I made my first medication error today as a student nurse (I gave medications 2 times before). I took out an opioid with my teacher observing me, went to go label my cup, and then got sidetracked when I didn't see any labels. I then gave the patient their drugs and my teacher came in, mad at me. She told me that it was a med error for not labelling my cup, which completely had slipped my mind. I filled out a med error sheet. I've been having issues all semester with being nervous and forgetting small things, I'm under so much stress and worry. Am I going to fail?

Specializes in Stepdown . Telemetry.

Hi, I don't understand how not labeling a pill cup is a med error. You pulled out the right med for one patient and took it to the room. Is that one of the rights of medication? Thats not even a near miss. From an actual nursing standpoint, yes labeling a cup is a good habit, but not doing so is not an ERROR unless you actually/or almost broke one of the 5 "rights" or however many there are these days.

I don't see this as an actual med error...it's good habit though to keep an eye on your meds between prepping them and administering them. Basically the label let's you do the third 5 rights check at the bedside, and not make you rely on your memory. So I would look at your schools competencies for med administration and cite that when you discuss with your instructor to show that you've identified the rationale for her concerns. Own up to the issue, but don't berate yourself too much. I likely would have made the same mistake as my school only touched briefly in labeling, and I only had one clinical instructor that swore by labeling everything. This event will make you a more a good nurse. I hope your instructor understands that; you sound like a contientious person. Please keep us updated and try not to stress too much.

Specializes in Emergency.

This isn't a med error. I believe the teacher is trying to make you understand that if you take a med out of a room -- especially a narcotic -- and then get sidetracked, you will NOT know who it belongs to.
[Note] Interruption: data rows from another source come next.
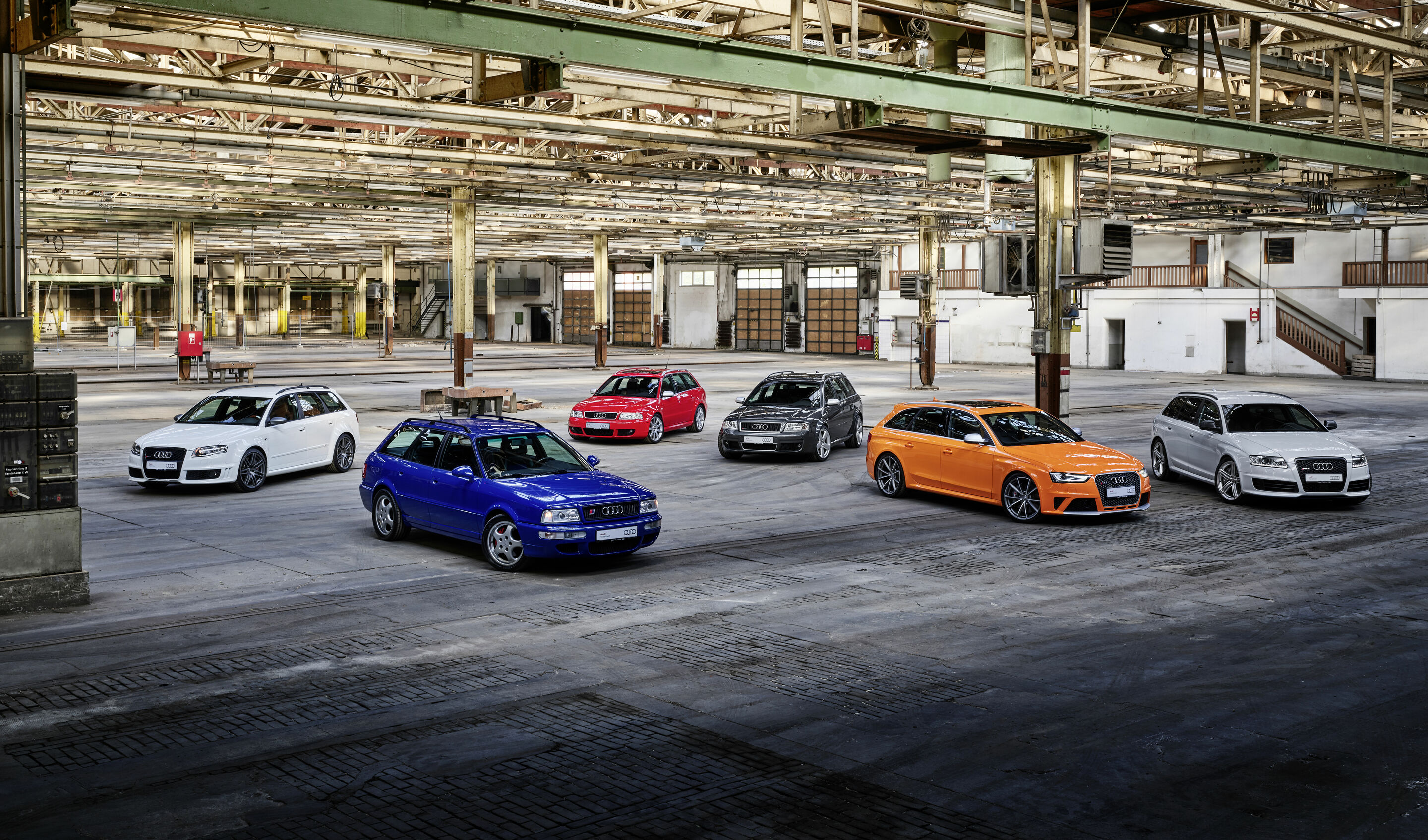 High-Performance. Full of Character. Individual. Audi Sport Is Celebrating 25 years of the Audi RS Models
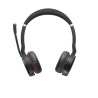 Jabra 7599-848-109 écouteur casque Avec fil &sans fil Arceau Appels Musique Bluetooth Noir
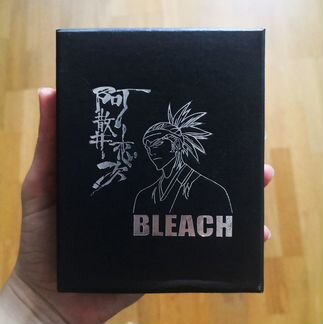 Кошелек с Ренджи Абараи из аниме Bleach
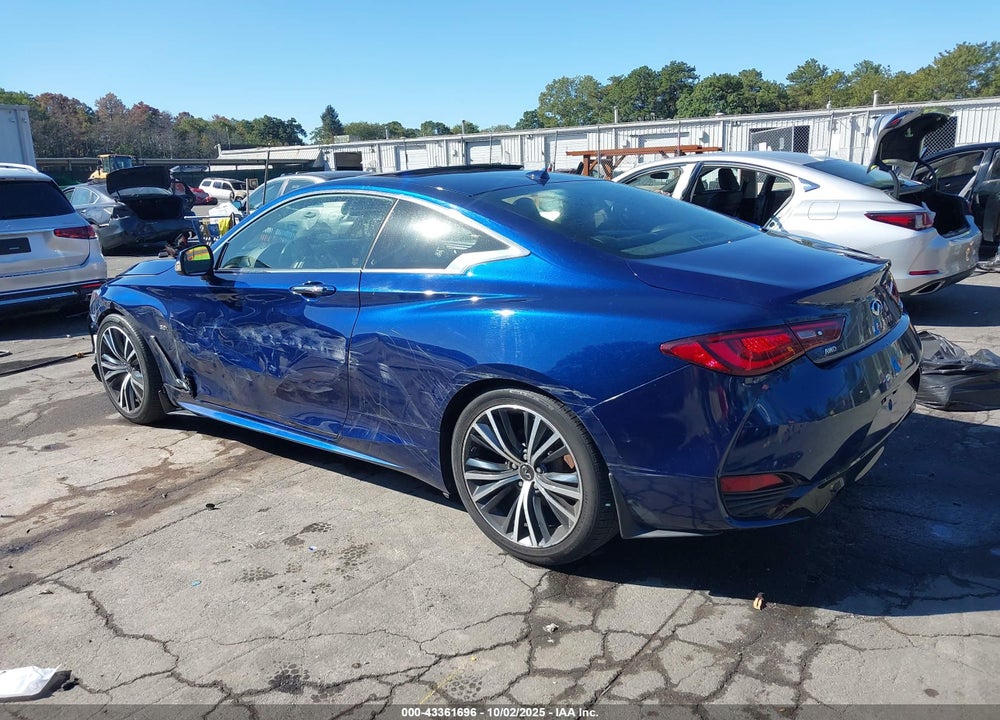 2020 INFINITI Q60 LUXE AWD VIN: JN1EV7EL4LM380222
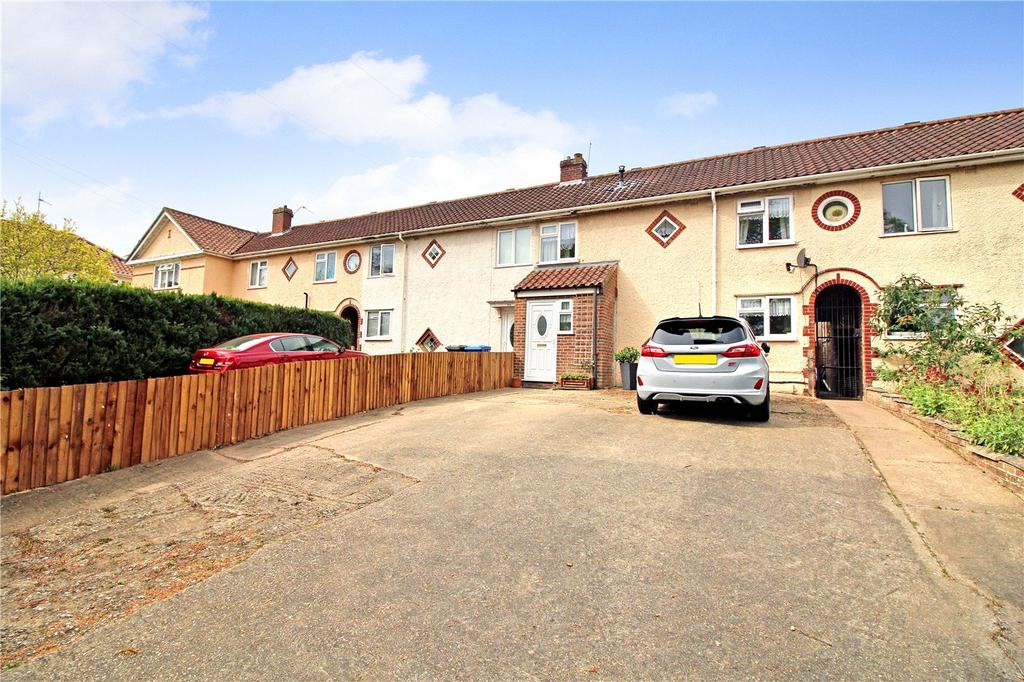 Mansfield Lane, Norwich, Norfolk, NR1 3 bed terraced house £240,000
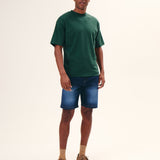 CAMISETA OVERSIZED MASCULINA VERDE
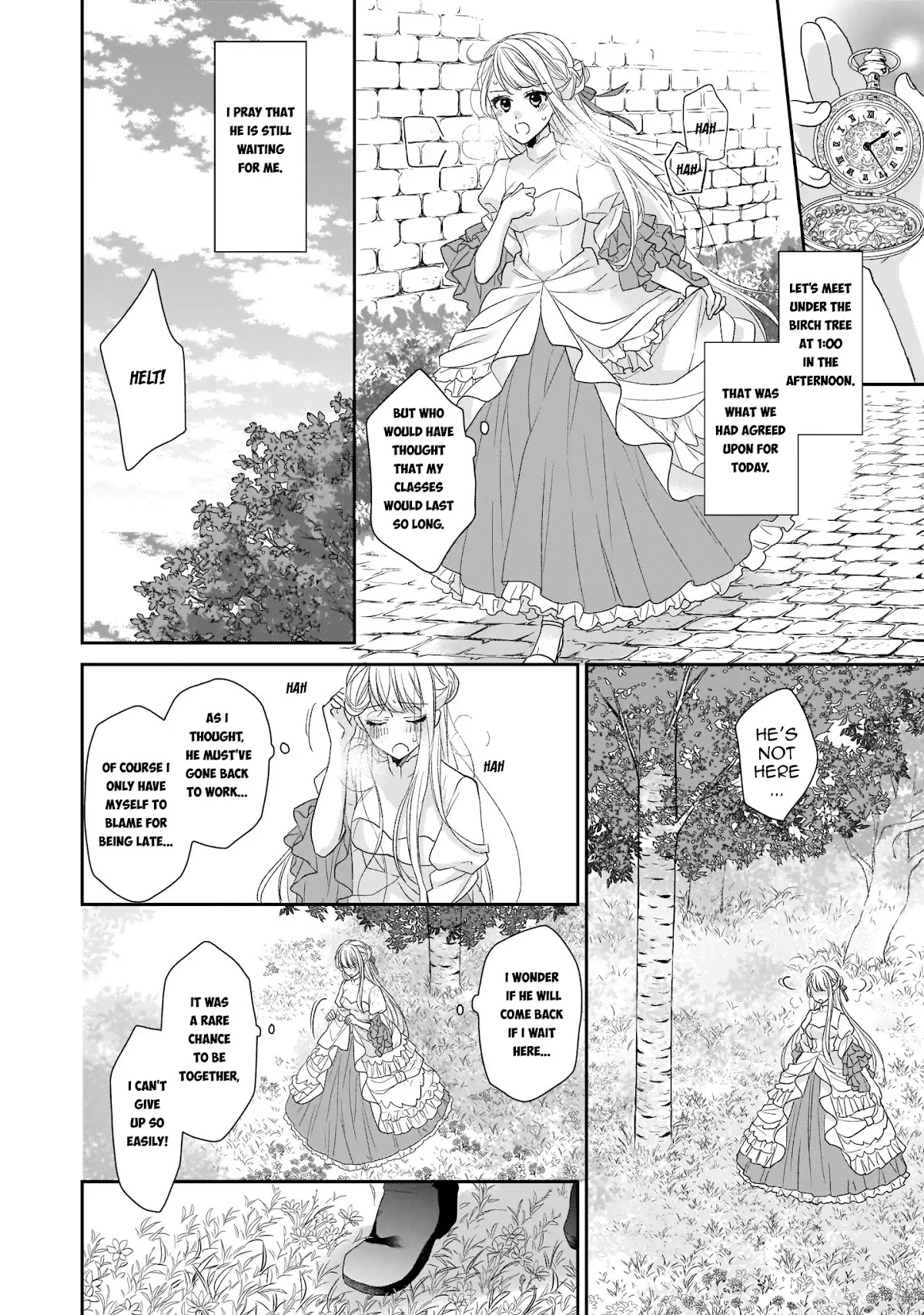 The Wolf Lord's Lady Chapter 3 page 2 - Chapter 3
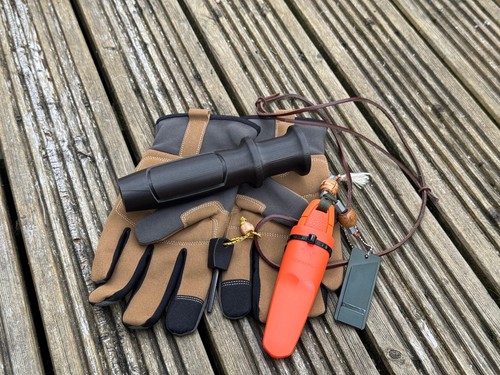 Hand hobo fishing reel - /hobo, made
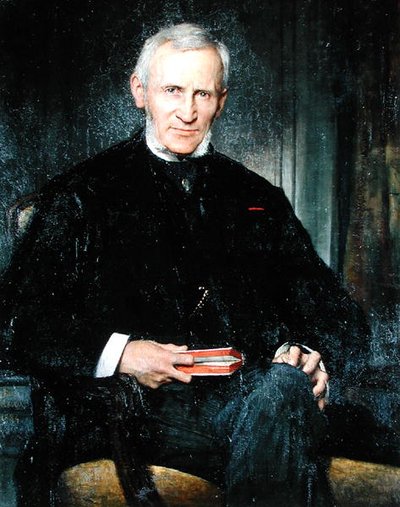 Porträt von Francois Regnier de la Briere (1807-85) 1884 von Jules Elie Delaunay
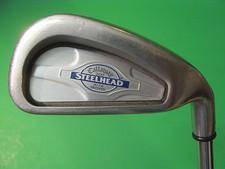 Callaway Steelhead X-14 #4 Iron. Constant Weight Steel Shaft.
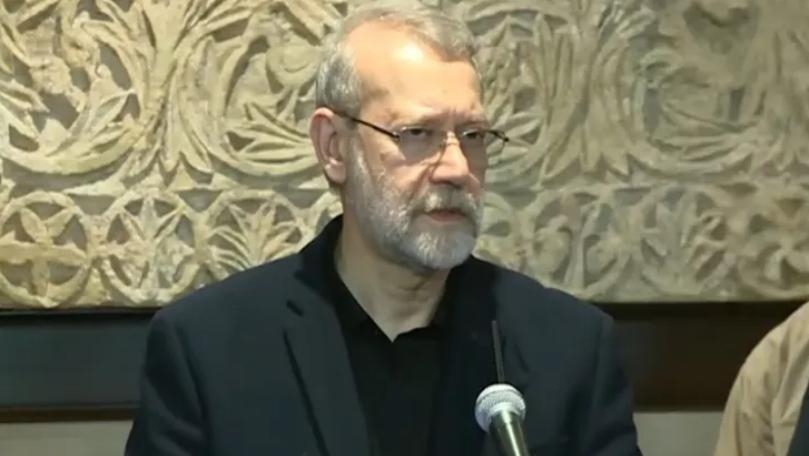 لاريجاني في بيروت... لإنكار هزيمة المحور؟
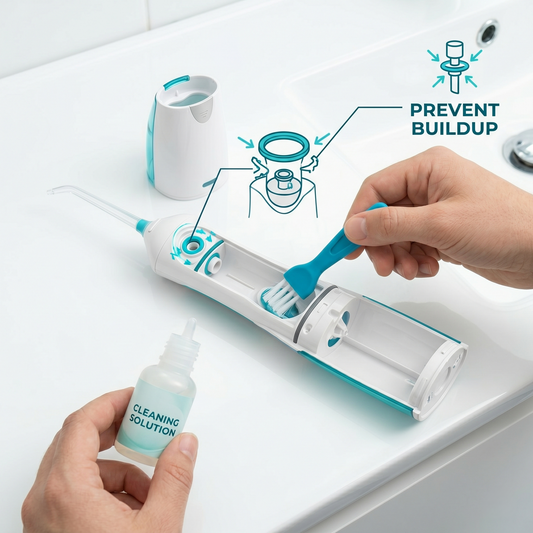 How to Clean and Maintain Your Water Flosser to Prevent Mold and Buildup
Here's a tip: Hospitals generally have ziplock bags (big ones) or bags for specimens. Grab one of those and put all of your patient's medications in it and with a marker, write on the bag the patient's room #. You will not forget who's they were.

Specializes in Thoracic Cardiovasc ICU Med-Surg.

As a clinical instructor- were you allowed to give meds without your instructor present? My students had to have me present as they administered medications and treatments such as dressing changes.